Les migrants veulent continuer à manger la cuisine de leur région d'origine. Un réflexe compréhensible mais aussi coûteux, tant il est un important facteur de précarité et de risque de malnutrition.

Des enfants réfugiés prennent leur repas dans un camp à la frontière gréco-macédonienne près d’Idomeni, le 14 avril 2016 (image d’illustration) | DANIEL MIHAILESCU/AFP
Des enfants réfugiés prennent leur repas dans un camp à la frontière gréco-macédonienne près d’Idomeni, le 14 avril 2016 (image d’illustration) | DANIEL MIHAILESCU/AFP

Temps de lecture: 2 minutes - Repéré sur American Economic Review, MIT

La cuisine, comme le chantait Juliette Gréco, ça retient peut-être les petits maris qui se débinent mais c’est aussi et surtout un moyen simple et universel de se créer un «chez soi», d’autant plus quand vous êtes déracinés. Une étude menée par David Atkin, chercheur en économie au MIT, montre que cette envie, ô combien courante et compréhensible, peut aggraver la précarité des migrants, des populations d’ores et déjà défavorisées.

Publiée dans le numéro d’avril de l’American Economic Review, l’étude met notamment en lumière la «taxe calorique» à laquelle les migrants fidèles aux recettes de leur ancien lieu de vie risquent d’être soumis: parce que leurs aliments préférés sont désormais plus chers, ils réduisent d’en moyenne 7,2% leurs apports caloriques.
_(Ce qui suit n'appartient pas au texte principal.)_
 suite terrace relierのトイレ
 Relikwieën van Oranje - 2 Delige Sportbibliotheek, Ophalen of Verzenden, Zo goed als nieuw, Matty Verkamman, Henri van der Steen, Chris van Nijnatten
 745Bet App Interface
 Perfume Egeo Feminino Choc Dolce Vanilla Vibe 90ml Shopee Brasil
Et, même dans les foyers les plus pauvres, et donc les plus contraints à adapter leur alimentation aux produits locaux et économiquement les plus accessibles, le scientifique observe une réduction calorique de 5,3%.

Atkin a analysé des statistiques concernant 125.000 foyers, dont 6% de migrants, déplacés entre différentes régions indiennes de 1983 à 1988. En Inde, un foyer est mal nourri quand il consomme moins de 2400 kilocalories par jour et par personne dans les campagnes, et moins de 2100 kilocalories par jour et par personne en ville –le mode de vie rural étant physiquement plus exigeant. Résultat: 66% des foyers ruraux et 60% des foyers urbains souffraient de malnutrition.
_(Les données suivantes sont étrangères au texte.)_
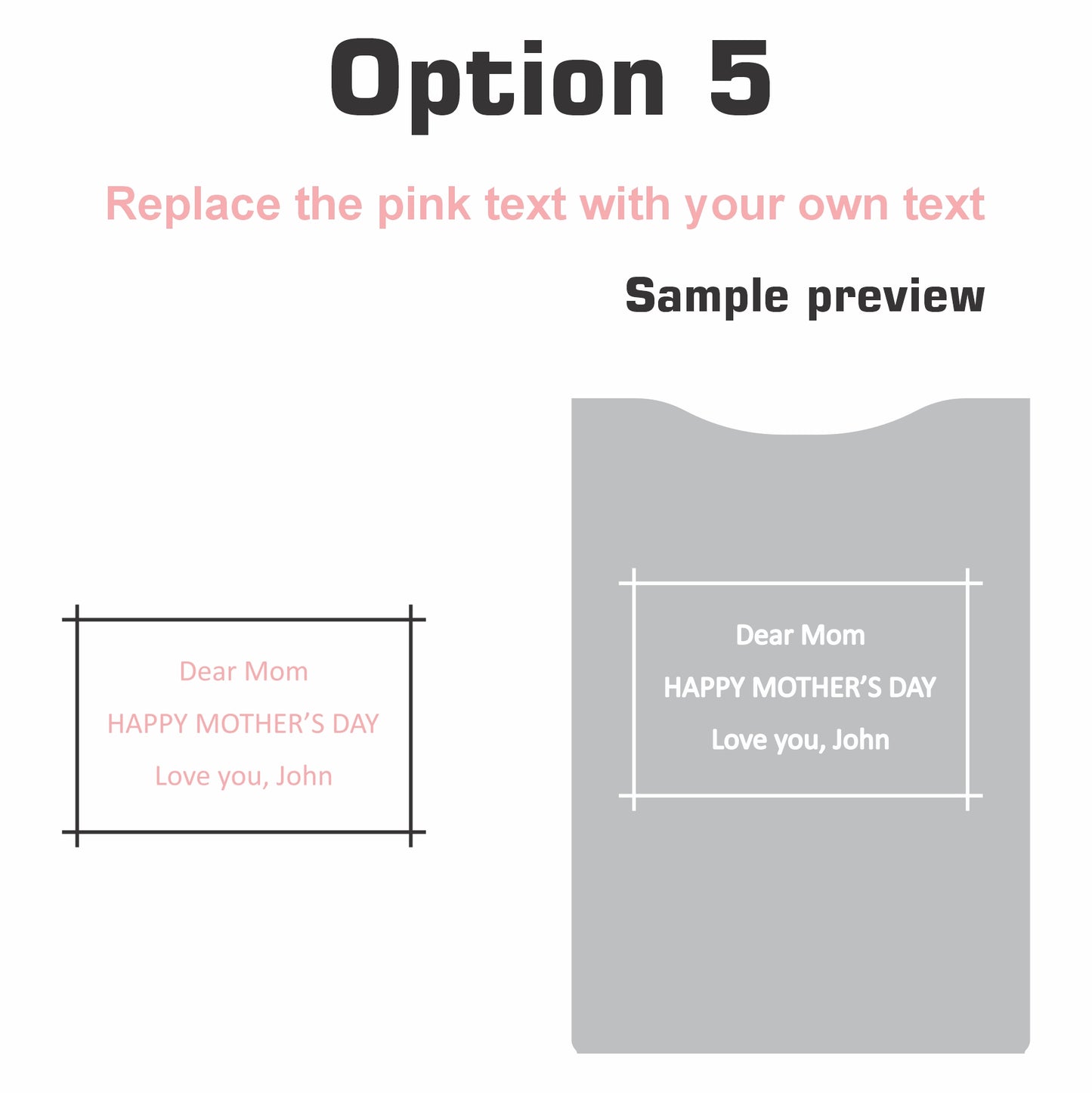 pen cup | 3mm clear acrylic pen holder | pencil holder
«Les migrants continuent à consommer les aliments qui étaient populaires dans leur région d’origine, explique Atkin. Cela n’a rien de surprenant a priori. En Inde, par contre, où [les migrants] sont souvent au bord de la malnutrition, on peut s’étonner de les voir consommer des aliments devenus relativement chers.» Ce qui aggrave leur précarité et menace leur survie.

Inadaptation alimentaire

Par ailleurs, l’étude révèle un problème d’adaptation alimentaire d’autant plus délétère pour les migrants nord/sud, comparés à ceux originaires de l’est du pays et déplacés vers l’ouest. «Quand vous passez du nord au sud [en Inde], vous partez de régions où la base de l’alimentation est le blé à des régions où c’est le riz, précise l’économiste, et la différence de prix entre les deux signifie que ces populations peuvent être très défavorisées.»
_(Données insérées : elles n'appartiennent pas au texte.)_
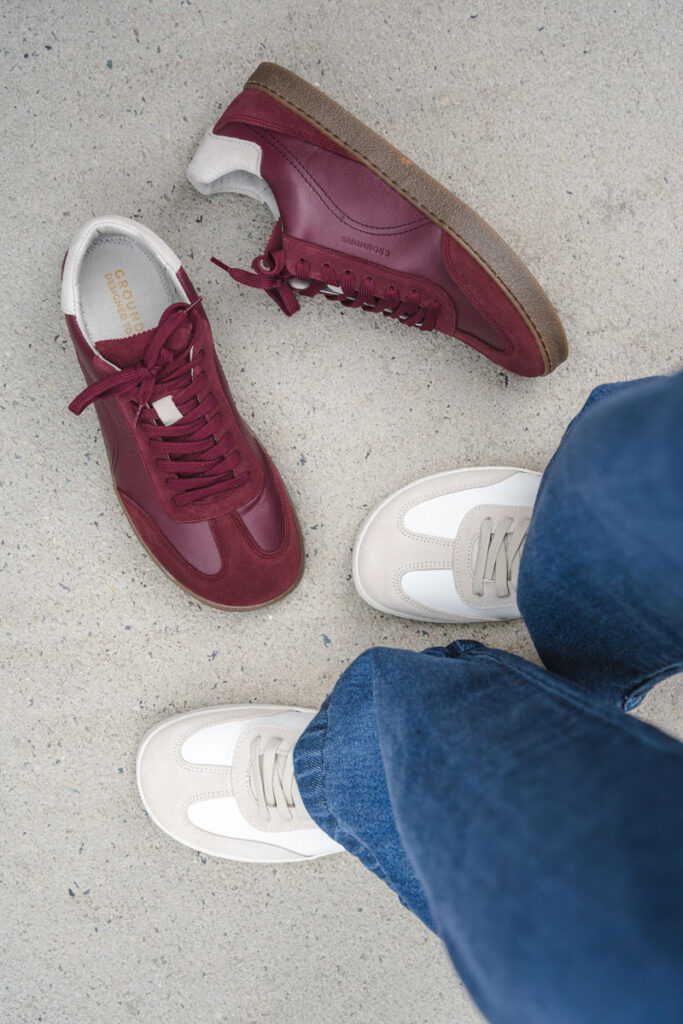 Groundies Panama barefoot sneakers like Adidas Samba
Les femmes sont plus enclines à sacrifier leurs préférences alimentaires et à faire avec les moyens du bord

Un risque économique et nutritionnel qui n’est pas le même selon le sexe: si c’est le mari qui est migrant, alors le foyer aura d’autant plus de mal à s’adapter et souffrira d’autant plus de la «taxe calorique». Parce qu’un homme a tendance à «exiger du riz même s’il s’est installé dans une région où l’on consomme typiquement du blé», ajoute Atkin. Les femmes, à l’inverse, sont plus enclines à sacrifier leurs préférences alimentaires et à faire avec les moyens du bord.

Selon Nancy Qian, chercheuse en économie à Yale, l’étude d’Atkin est «très solide». «C’est un témoignage très puissant de l’importance des normes et des habitudes culturelles», commente-t-elle.

Programmes nutritionnels

Si on pourrait croire que l’ancienneté des données sur lesquelles Atkin a travaillé limite la portée de son étude, l’économiste y précise qu’elles ne sont pas les seules à permettre une certaine généralisation de ses conclusions. Ainsi, quand le gouvernement britannique avait, en 1945, passé au crible la famine catastrophique survenue dans la région du Bengale en 1943, il avait lui aussi observé que les migrants originaires de régions oryzivores avaient eu énormément de mal à s’adapter à un régime riche en blé, quitte à souffrir encore plus de la faim.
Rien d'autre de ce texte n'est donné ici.